**SUPPLIED INFORMATION**

○ ○ ○ ○ ○

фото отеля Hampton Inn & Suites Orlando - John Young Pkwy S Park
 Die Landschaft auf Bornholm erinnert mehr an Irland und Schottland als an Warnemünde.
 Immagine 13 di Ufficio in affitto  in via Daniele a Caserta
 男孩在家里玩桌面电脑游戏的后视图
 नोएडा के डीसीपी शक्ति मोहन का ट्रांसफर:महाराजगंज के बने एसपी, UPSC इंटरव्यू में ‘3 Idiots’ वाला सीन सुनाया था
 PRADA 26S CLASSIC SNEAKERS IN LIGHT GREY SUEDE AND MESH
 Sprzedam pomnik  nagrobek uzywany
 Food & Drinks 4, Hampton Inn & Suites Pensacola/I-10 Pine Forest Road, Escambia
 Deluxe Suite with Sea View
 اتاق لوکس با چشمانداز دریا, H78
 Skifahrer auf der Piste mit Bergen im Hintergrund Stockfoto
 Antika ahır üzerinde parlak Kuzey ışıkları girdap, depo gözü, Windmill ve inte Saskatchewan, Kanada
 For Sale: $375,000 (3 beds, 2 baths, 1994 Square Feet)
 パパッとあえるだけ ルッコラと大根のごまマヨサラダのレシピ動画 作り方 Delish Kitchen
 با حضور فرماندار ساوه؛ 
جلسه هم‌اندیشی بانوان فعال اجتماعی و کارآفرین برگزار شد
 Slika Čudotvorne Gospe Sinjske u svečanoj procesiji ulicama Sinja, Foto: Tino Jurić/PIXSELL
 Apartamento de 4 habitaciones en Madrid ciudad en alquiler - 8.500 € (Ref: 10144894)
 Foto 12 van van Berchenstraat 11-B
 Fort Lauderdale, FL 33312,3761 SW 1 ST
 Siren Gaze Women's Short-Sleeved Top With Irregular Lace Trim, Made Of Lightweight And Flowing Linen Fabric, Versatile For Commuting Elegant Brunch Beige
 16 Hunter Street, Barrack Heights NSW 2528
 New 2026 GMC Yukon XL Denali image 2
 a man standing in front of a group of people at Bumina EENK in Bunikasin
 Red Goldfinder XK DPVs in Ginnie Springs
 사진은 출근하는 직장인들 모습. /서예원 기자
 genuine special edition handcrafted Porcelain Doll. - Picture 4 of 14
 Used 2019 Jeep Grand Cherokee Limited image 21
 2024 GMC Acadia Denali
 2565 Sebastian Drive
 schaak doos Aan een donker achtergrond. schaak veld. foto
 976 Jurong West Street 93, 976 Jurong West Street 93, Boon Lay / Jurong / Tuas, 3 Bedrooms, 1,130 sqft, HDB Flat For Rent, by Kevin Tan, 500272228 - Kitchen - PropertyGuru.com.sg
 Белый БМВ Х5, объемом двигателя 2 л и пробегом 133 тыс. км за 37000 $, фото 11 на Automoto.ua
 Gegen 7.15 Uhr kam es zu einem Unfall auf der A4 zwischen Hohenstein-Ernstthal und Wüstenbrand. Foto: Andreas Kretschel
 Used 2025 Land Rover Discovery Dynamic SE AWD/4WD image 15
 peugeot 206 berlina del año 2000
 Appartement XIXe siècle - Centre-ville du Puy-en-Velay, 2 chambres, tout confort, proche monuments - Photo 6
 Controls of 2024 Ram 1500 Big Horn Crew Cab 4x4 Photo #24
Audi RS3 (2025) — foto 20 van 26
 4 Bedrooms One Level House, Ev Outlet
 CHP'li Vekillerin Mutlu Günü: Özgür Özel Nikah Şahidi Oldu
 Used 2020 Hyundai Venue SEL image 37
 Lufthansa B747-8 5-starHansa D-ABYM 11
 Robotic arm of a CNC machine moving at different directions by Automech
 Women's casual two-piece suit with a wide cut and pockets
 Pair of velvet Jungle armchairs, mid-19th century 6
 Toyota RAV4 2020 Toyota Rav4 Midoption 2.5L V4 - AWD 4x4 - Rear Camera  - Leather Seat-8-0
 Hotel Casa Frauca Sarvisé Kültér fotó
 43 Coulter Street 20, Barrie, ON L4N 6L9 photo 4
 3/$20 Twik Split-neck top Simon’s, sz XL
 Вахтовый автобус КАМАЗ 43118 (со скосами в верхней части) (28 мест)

○ ○ ○ ○ ○

**YOUR TASK**
Could you report how many lines in the data above include the word "Used"? Give the number and nothing more.

**SOLUTION**
3